What the two weeks looked like

Between May 13th and May 26th, the task posted to Slack six times. Here is the breakdown.

  • May 14 (Wed) AdMob fill rate down 7 points, Crashlytics flat. Geo filter change on the ad network side.
  • May 16 (Fri) Crashlytics up 42%, AdMob flat. A launch-time crash that only reproduced on Android 6.
  • May 18 (Sun) AdMob fill rate down 6 points, Crashlytics up 35%, marked as correlation.
  • May 22 (Thu) Crashlytics up 31%, AdMob flat. A resolution-related crash on a specific wallpaper image.
  • May 24 (Sat) AdMob fill rate down 9 points, Crashlytics flat. A short delivery pause.
  • May 26 (Mon) AdMob fill rate down 5 points, Crashlytics up 38%, marked as correlation.

Both of the correlation cases (May 18 and May 26) came right after an ad SDK update. Under the old single-track routine, I would have spent half a day narrowing the cause down to the SDK update. With the merged check, I had a working hypothesis before noon, and the time to resolution felt roughly halved.

In concrete numbers, on May 18 I was on the case by 9:40 a.m., and it took about 90 minutes to restore the May-average eCPM. The closest analogue in April, handled under the old single-track routine, took about four hours from triage to closure. Across the two correlation cases, I recovered roughly 7,200 yen of revenue I would otherwise have lost. At my current scale, that is on the order of 15,000 yen per month.

Where it broke down

Some friction caught me off guard. The biggest one is that Crashlytics and AdMob handle sessions differently. AdMob asks me to log in again every few days, while the Firebase console rides on the Google account session, so its behavior changes with Workspace policies. Out of fourteen days, the task came back empty-handed on two of them, both because of Firebase authentication errors.

I added a Friday-evening habit of logging into both consoles manually.
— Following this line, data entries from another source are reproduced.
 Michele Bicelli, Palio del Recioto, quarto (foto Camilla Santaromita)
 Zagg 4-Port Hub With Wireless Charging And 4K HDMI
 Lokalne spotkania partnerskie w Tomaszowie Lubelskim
The errors are rarer now but not gone. The check task is idempotent, so an empty day just means silence with no real damage. If I were taking this to a stricter production setup, I would move the Crashlytics side to the Firebase Admin SDK for a more stable read path.

The other friction was a false positive on the correlation note. Once in two weeks, both spikes happened to fall in the same hour for unrelated reasons. A backend incident lined up with an unrelated ad SDK update, and the "correlation" label dragged me into the SDK investigation for half a day. "Happening at the same time" and "correlated" are different things, so I rewrote the note to say "same hour, please verify," and the deep dives have stayed shallower since.
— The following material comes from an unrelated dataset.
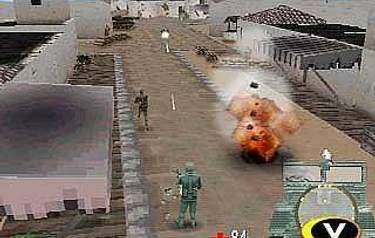 Army Men 3D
What I delegate and what I keep

After two weeks, the boundary is clear enough to write down.

  • Delegated: pulling AdMob and Crashlytics reports, computing the week-over-week deltas, drafting the notification when thresholds are crossed, and overlaying by hour.
  • Not delegated: the final read on root cause, definitive interpretation of Crashlytics stack traces, scoping the user impact, and the call on whether to ship a hotfix.
  • Half and half: listing and ranking candidate causes. I take the list and check the Firebase console and the AdMob screen myself before deciding.

When I was 17, an online mentor told me that "art is a natural language open to everyone," and I have since carried that idea into how I choose tools. Rather than pushing Claude toward making all the decisions, I keep it as a presence that lays out the material I need to decide. With that framing, I expect to keep working with these tools for a long time. The cause analysis stays in my hands. Only the way the material is gathered and arranged has changed.

What I plan to try next

From here, I want to push in three directions.

  • Lower the Crashlytics surge threshold from +30% to +20% and see whether the smaller signals are worth picking up.
  • Fold ANR rate from the Google Play Console into the same morning report, so I can read revenue, crashes, and ANR through one frame.
  • Once a month, have the Cowork scheduled task list every day in the past 30 that produced a correlation note, and overlay it against the release calendar.

Spending ten minutes on inspection in the morning really does speed up the afternoon decisions. With both the number of apps and the number of SDKs still growing, I expect the structure of this check to keep evolving for a while.